## EXERCISE DESCRIPTION
Give back only the lines from the one with "Thùng Máy to" through the last line of the data, exactly as they appear.

◇ ◇ ◇ ◇ ◇

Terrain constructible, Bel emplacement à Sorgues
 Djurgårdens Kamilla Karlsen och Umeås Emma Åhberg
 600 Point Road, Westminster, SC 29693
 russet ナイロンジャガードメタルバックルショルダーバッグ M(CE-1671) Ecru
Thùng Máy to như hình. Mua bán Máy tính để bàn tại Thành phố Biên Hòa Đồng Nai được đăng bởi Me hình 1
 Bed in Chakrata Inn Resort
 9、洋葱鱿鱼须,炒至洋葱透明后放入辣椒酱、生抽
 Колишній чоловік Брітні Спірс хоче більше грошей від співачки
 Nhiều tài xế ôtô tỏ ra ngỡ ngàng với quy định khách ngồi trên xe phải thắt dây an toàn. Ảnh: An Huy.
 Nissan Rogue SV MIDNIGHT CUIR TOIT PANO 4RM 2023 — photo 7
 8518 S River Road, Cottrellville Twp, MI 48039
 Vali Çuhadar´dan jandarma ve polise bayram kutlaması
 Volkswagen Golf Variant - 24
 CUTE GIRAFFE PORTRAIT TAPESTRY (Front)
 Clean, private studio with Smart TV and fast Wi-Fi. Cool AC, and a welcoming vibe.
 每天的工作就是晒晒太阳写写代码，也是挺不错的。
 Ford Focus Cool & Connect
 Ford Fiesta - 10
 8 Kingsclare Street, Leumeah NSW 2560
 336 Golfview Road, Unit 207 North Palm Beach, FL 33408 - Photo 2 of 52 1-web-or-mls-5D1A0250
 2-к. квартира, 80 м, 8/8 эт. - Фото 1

◇ ◇ ◇ ◇ ◇

## OUTPUT FOR THIS EXERCISE
Thùng Máy to như hình. Mua bán Máy tính để bàn tại Thành phố Biên Hòa Đồng Nai được đăng bởi Me hình 1
 Bed in Chakrata Inn Resort
 9、洋葱鱿鱼须,炒至洋葱透明后放入辣椒酱、生抽
 Колишній чоловік Брітні Спірс хоче більше грошей від співачки
 Nhiều tài xế ôtô tỏ ra ngỡ ngàng với quy định khách ngồi trên xe phải thắt dây an toàn. Ảnh: An Huy.
 Nissan Rogue SV MIDNIGHT CUIR TOIT PANO 4RM 2023 — photo 7
 8518 S River Road, Cottrellville Twp, MI 48039
 Vali Çuhadar´dan jandarma ve polise bayram kutlaması
 Volkswagen Golf Variant - 24
 CUTE GIRAFFE PORTRAIT TAPESTRY (Front)
 Clean, private studio with Smart TV and fast Wi-Fi. Cool AC, and a welcoming vibe.
 每天的工作就是晒晒太阳写写代码，也是挺不错的。
 Ford Focus Cool & Connect
 Ford Fiesta - 10
 8 Kingsclare Street, Leumeah NSW 2560
 336 Golfview Road, Unit 207 North Palm Beach, FL 33408 - Photo 2 of 52 1-web-or-mls-5D1A0250
 2-к. квартира, 80 м, 8/8 эт. - Фото 1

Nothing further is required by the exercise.